A spacious two-bedroom maisonette which has been recently been refurbished by its architect-owner. This wonderfully bright apartment is situated in Stoneleigh Terrace in the southwest corner of the Whittington Estate, designed by Peter Tabori and Ken Adie in the 1970s.
The apartment is arranged over two floors. Upon entering is a large hallway. Double doors open out to a south-facing large main bedroom with built-in storage and its own balcony. Additionally, on this floor, is a modern bathroom and a second bedroom — currently being used as a study. On the top floor is an impressive open plan living and dining space, with original full-width glazing which opens out to a south-facing terrace. To the rear, and overlooking trees of Highgate Cemetery, is a bespoke modern kitchen. Cork flooring runs throughout.
The Whittington Estate is located between Highgate, Dartmouth Park and Archway. There are several open spaces nearby including Waterlow Park and Hampstead Heath just a short walk away. Parliament Hill farmer’s market, on the edge of the Heath, runs every Saturday. The area has several popular gastro pubs including St John’s Tavern, the Bull & Last and the Southampton Arms. There is also a great local cafe, Crick's Corner, nearby.
Archway Underground station (Northern Line) is a ten-minute walk away.
—The apartment is offered part furnished
—Available from early/mid October 2021
—Rent is inclusive of heating and hot water
The Whittington Estate, originally known as Highgate New Town Stage One, is one of Camden's 'golden era' of housing. The scheme was designed by Peter Tábori and Kenneth Adie in 1972–79, who were working in Camden’s architects’ department, led by borough architect Sydney Cook. It comprises rows of ziggurat buildings stepping down the natural slope of the site, with 275 dwellings ranging from one-bedroom flats to four-bedroom houses.

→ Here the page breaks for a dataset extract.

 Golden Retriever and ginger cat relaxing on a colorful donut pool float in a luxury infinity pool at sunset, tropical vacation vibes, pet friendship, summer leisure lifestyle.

It incorporates play areas, thoughtful landscaping and pedestrian paths between the long concrete blocks, creating safe, traffic-free spaces for children. Tábori, and Camden’s architects’ department in general, rejected the high-rise buildings that had been favoured by councils during the post-war years. Here, no structure is taller than two-and-a-half storeys and, crucially, each flat has its own entrance directly from the street and south-facing, ‘open to the sky’ balconies—which act as extensions to the living rooms.